On 26.09.23 22:10, Stefan Hajnoczi wrote:
Hi Hanna,
I was thinking about how this could work without SUSPEND/RESUME. What
do you think of the following?

1. The front-end sends VHOST_USER_RESET_DEVICE (or
VHOST_USER_RESET_OWNER, when necessary) when the guest driver resets
the device but not on vhost_dev_start()/vhost_dev_stop().

This is half the work of SUSPEND/RESUME.  It isn’t easy to do.

2. Suspend the device when all virtqueues are stopped via
VHOST_USER_GET_VRING_BASE. Resume the device after at least one
virtqueue is started and enabled.
3. Ignore VHOST_USER_SET_STATUS.

Reset would work. The device would suspend and resume without losing
state.
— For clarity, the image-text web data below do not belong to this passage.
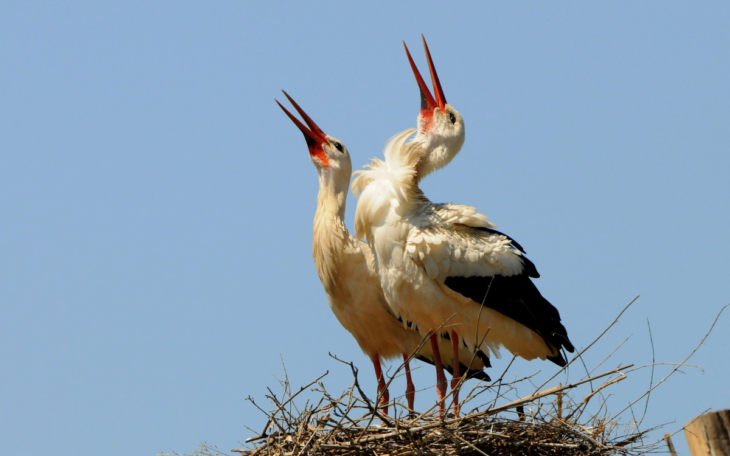 Описание и характеристики аиста: чем питаются, где живут и сколько живут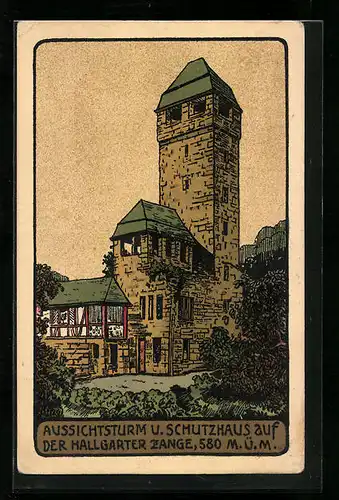 Steindruck-AK Hallgarten /Rheingau, Aussichtsturm und Schutzhaus auf der Hallgarter Zange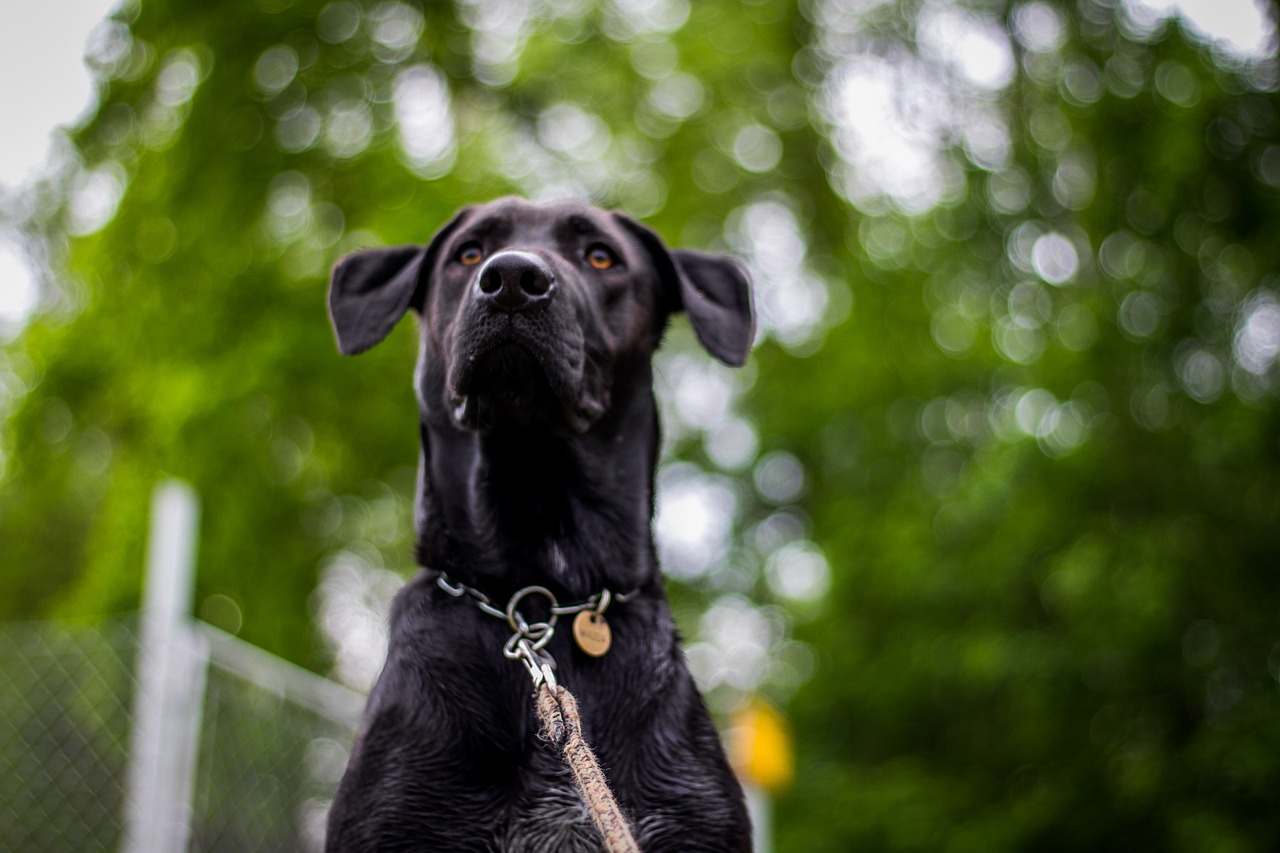 贵阳最新下司犬出售，家庭守护的最佳伴侣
Existing vhost-user backends already behave like this in
practice (they often don't implement RESET_DEVICE).

I don’t understand the point, though.  Today, reset in practice is a no-op anyway, precisely because we only send SET_STATUS 0, don’t fall back to RESET_OWNER/RESET_DEVICE, and no back-end implements SET_STATUS 0 as a reset.  By sending RESET_* in case of a guest-initiated reset and nothing in case of stop/cont, we effectively don’t change anything about the latter (which is what SUSPEND/RESUME would be for), but only fix the former case.  While I agree that it’s wrong that we don’t really reset the back-end in case of a guest-initiated reset, this is the first time in this whole discussion that that part has been presented as a problem that needs fixing now.

So the proposal effectively changes nothing for the vhost_dev_stop()/start() case where we’d want to make use of SUSPEND/RESUME, but only for the case where we would not use it.